Alec Baldwin, armorer charged with involuntary manslaughter in shooting on "Rust" set
AP Photo/John Minchillo

More than a year after a gun held by actor Alec Baldwin discharged on the set of the movie “Rust” in New Mexico, killing cinematographer Halyna Hutchins, prosecutors in Santa Fe, New Mexico have decided to charge Baldwin and Hannah Gutierrez-Reed, the film’s armorer, with two counts of involuntary manslaughter. Additionally, Santa Fe First Judicial District Attorney Mary Carmack-Altwies and special prosecutor Andrea Reeb announced that “Rust” first assistant director David Halls has agreed to plead guilty to charges of negligent use of a deadly weapon.
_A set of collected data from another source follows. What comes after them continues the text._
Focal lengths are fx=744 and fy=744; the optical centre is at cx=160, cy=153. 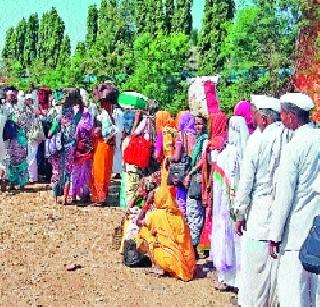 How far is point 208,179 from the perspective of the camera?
6.89 metres

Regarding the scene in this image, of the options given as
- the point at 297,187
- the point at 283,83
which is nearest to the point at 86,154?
the point at 297,187

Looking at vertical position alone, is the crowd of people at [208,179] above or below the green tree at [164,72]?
below

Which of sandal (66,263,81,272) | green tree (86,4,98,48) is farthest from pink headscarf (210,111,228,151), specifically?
green tree (86,4,98,48)

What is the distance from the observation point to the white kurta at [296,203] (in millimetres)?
4375

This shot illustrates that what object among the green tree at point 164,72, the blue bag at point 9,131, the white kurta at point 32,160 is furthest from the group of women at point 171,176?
the green tree at point 164,72

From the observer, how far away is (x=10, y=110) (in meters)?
11.6

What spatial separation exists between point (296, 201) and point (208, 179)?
250 cm

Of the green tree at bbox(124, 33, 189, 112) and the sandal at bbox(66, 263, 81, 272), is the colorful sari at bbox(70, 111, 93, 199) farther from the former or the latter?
the green tree at bbox(124, 33, 189, 112)

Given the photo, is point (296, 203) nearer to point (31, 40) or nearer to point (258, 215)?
point (258, 215)

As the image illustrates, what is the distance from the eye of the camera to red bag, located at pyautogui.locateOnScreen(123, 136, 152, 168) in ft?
28.0

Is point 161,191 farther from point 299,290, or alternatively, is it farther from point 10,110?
point 10,110

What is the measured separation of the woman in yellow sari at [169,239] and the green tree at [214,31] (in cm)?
2255

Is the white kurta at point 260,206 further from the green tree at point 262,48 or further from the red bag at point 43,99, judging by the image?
the green tree at point 262,48

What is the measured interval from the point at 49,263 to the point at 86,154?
122 inches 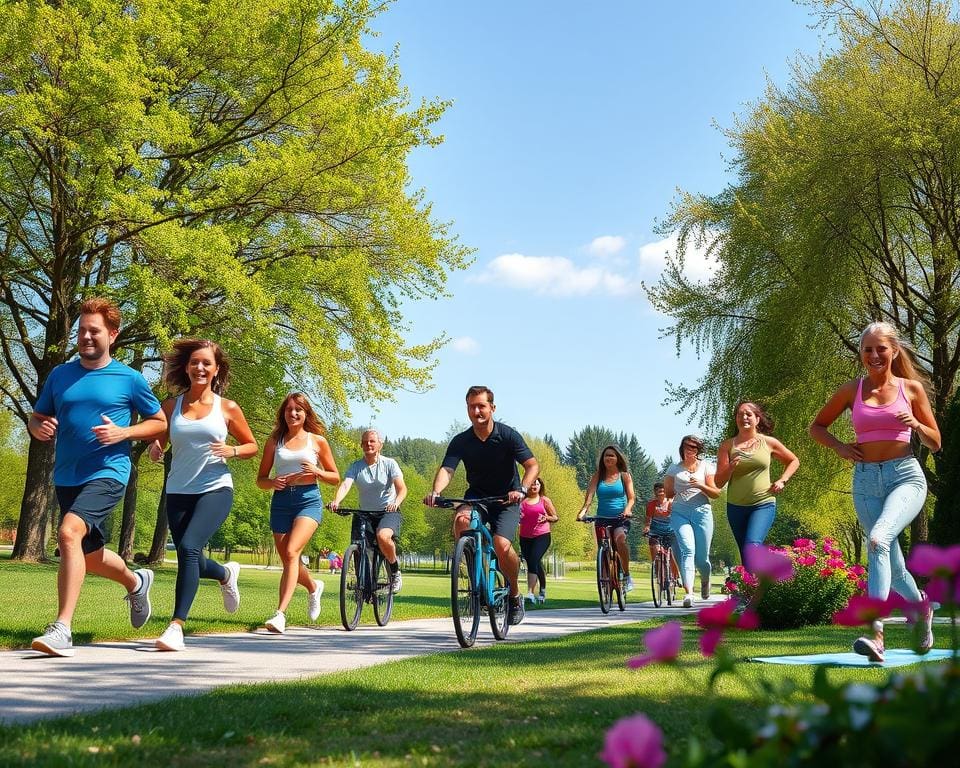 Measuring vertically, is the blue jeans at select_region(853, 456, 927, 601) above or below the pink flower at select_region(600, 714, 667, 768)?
above

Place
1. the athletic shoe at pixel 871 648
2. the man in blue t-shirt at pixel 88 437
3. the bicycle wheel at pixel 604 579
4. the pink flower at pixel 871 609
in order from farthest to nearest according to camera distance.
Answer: the bicycle wheel at pixel 604 579, the man in blue t-shirt at pixel 88 437, the athletic shoe at pixel 871 648, the pink flower at pixel 871 609

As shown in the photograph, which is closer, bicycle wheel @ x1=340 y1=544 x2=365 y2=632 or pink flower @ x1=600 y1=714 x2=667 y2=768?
pink flower @ x1=600 y1=714 x2=667 y2=768

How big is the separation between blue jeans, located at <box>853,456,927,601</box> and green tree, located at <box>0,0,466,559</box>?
13.5m

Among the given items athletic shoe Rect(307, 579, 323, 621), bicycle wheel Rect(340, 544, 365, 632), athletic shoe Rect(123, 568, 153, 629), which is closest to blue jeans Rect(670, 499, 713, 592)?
bicycle wheel Rect(340, 544, 365, 632)

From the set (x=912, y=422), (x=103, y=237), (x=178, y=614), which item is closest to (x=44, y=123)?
(x=103, y=237)

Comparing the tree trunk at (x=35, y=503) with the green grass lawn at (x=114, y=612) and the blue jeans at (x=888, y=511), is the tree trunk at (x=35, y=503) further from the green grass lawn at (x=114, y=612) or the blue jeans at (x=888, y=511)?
the blue jeans at (x=888, y=511)

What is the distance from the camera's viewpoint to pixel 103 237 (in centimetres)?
2295

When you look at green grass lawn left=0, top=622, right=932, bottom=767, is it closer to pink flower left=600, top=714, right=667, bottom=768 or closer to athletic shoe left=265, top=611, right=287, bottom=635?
pink flower left=600, top=714, right=667, bottom=768

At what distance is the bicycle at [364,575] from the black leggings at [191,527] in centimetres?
251

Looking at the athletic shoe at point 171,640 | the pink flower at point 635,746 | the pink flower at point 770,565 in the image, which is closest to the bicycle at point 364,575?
the athletic shoe at point 171,640

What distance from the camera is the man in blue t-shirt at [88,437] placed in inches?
265

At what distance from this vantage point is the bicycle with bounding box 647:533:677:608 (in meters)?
16.8

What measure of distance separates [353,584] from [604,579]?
14.5ft

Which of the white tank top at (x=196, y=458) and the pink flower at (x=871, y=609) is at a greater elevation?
the white tank top at (x=196, y=458) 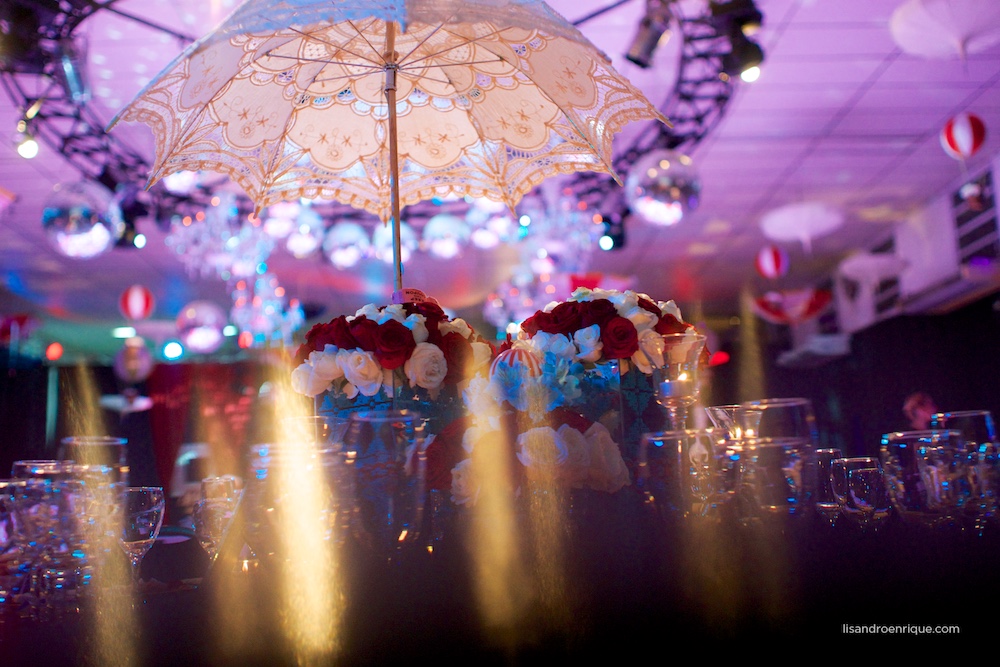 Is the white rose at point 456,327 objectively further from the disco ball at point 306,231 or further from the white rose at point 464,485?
the disco ball at point 306,231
Conviction on the involuntary manslaughter charge could result in an 18-month sentence, but Carmack-Altweis is also going for a firearm enhancement that could add on a mandatory five years behind bars upon conviction.
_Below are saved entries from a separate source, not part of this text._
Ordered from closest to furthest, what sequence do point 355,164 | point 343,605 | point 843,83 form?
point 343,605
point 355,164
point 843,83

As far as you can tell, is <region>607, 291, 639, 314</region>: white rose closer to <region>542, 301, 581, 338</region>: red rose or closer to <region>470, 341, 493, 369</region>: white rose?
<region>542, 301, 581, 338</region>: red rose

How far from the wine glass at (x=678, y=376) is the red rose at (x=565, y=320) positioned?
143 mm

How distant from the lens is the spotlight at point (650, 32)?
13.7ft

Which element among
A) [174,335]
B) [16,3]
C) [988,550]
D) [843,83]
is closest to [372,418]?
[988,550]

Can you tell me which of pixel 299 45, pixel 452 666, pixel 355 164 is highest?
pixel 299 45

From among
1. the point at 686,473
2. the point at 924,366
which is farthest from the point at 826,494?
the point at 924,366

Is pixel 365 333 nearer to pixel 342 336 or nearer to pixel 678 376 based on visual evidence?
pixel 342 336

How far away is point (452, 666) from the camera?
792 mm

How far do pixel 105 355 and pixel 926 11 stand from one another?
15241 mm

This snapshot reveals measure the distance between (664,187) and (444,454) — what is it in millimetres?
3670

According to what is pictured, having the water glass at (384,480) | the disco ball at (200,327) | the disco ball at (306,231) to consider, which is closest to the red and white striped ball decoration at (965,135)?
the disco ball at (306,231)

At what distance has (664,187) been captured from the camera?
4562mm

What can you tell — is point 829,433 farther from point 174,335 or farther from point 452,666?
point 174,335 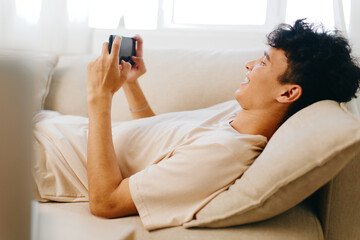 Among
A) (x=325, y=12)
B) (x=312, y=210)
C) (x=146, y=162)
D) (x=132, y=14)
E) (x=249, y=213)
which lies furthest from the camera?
(x=132, y=14)

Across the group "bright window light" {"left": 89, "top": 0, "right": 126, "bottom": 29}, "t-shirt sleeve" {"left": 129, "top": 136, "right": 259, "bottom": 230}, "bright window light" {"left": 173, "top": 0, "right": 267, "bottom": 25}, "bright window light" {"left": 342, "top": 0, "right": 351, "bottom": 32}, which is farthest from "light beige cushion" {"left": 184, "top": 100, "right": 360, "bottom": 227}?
"bright window light" {"left": 89, "top": 0, "right": 126, "bottom": 29}

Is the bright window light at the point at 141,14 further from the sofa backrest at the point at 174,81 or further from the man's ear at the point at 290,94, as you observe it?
the man's ear at the point at 290,94

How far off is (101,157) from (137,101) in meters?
0.52

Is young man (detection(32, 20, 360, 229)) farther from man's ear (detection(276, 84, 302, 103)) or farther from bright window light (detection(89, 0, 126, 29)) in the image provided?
bright window light (detection(89, 0, 126, 29))

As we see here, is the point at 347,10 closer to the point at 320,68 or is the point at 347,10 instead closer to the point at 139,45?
the point at 320,68

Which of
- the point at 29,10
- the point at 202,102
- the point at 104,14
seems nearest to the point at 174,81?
the point at 202,102

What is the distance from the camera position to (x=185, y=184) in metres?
0.85

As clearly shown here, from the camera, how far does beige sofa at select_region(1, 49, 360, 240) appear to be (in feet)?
2.73

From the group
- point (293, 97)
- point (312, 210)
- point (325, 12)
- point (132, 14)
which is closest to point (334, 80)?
point (293, 97)

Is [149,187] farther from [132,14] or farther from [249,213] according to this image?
[132,14]

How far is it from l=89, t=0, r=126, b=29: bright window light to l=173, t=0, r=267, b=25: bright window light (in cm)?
40

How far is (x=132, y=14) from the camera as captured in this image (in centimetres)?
233

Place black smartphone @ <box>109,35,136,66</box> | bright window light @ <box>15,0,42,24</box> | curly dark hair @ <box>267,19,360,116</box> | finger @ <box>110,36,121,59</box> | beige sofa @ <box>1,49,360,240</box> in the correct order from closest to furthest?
beige sofa @ <box>1,49,360,240</box>, curly dark hair @ <box>267,19,360,116</box>, finger @ <box>110,36,121,59</box>, black smartphone @ <box>109,35,136,66</box>, bright window light @ <box>15,0,42,24</box>

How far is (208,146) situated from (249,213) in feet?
0.62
Baldwin and the movie’s armorer, Hannah Gutierrez-Reed, each will be charged with two counts of involuntary manslaughter. One of the counts is for involuntary manslaughter, in which prosecutors will have to prove there is underlying negligence, prosecutors said. This is a fourth-degree felony that carries a sentence of up to 18 months in jail and a $5,000 fine.

The second charge is involuntary manslaughter in the commission of a lawful act, a more severe charge which requires proof that there was more than simple negligence involved in a death, prosecutors said. This charge includes a firearm enhancement, which adds a mandatory penalty of five years in jail.

Baldwin and Gutierrez-Reed will be charged under a standard called “charged in the alternative.” If the case ends up going to trial, a jury will determine which of the two charges they’re guilty of.

That’s a pretty big “if”, honestly. Halls received six months probation and a suspended sentence after taking the plea deal offered by prosecutors, and while Baldwin and Gutierrez-Reed might not get as sweet an offer as that one, I’m sure that some deal will be dangled before a jury is seated. For the moment, however, both defendants sound like they’re planning on defending themselves.

The prosecutors’ decision is “a terrible miscarriage of justice,” said Luke Nikas, Baldwin’s attorney. “Mr. Baldwin had no reason to believe there was a live bullet in the gun – or anywhere on the movie set. He relied on the professionals with whom he worked, who assured him the gun did not have live rounds. We will fight these charges, and we will win.”

Gutierrez-Reed’s attorneys called it a “very flawed investigation” in a statement Thursday.

“Hannah is, and has always been, very emotional and sad about this tragic accident. But she did not commit involuntary manslaughter,” they said.


Baldwin has maintained that he didn’t pull the trigger of the single-action revolver, which had been loaded with live rounds instead of dummy ammunition. Instead, he says the gun fired on his own; something the FBI was unable to replicate when it examined and tested the firearm.

Accidental discharge testing determined that the firearm used in the shooting — a .45 Colt (.45 Long Colt) caliber F.lli Pietta single-action revolver — could not have fired without the trigger being pulled, the FBI report shows.

With the hammer in the quarter- and half-cock positions, the gun “could not be made to fire without a pull of the trigger,” the report stated.

With the hammer fully cocked, the gun “could not be made to fire without a pull of the trigger while the working internal components were intact and functional,” the report stated.

With the hammer de-cocked on a loaded chamber, the gun was able to detonate a primer “without a pull of the trigger when the hammer was struck directly,” which is normal for this type of revolver, the report stated.

On the day of the shooting, Hall picked up the revolver and handed it to Gutierrez-Reed, who in turn gave it to Baldwin. None of the three apparently checked to ensure that the gun contained dummy rounds instead of live ammunition, but Baldwin has maintained that doing so wouldn’t be standard procedure for an actor. Instead, he and his attorneys have argued that making sure the gun was safe was the responsibility of crew members like Hall and Gutierrez-Reed.


A lawsuit filed against Baldwin and other “Rust” producers by Hutchins family was settled last year, and I wouldn’t be surprised if the criminal charges are also resolved via a plea deal before a trial takes place. So far Baldwin’s been eager to argue his case in the court of public opinion but we’ll see if that bravado lasts when his stage is an actual courtroom instead.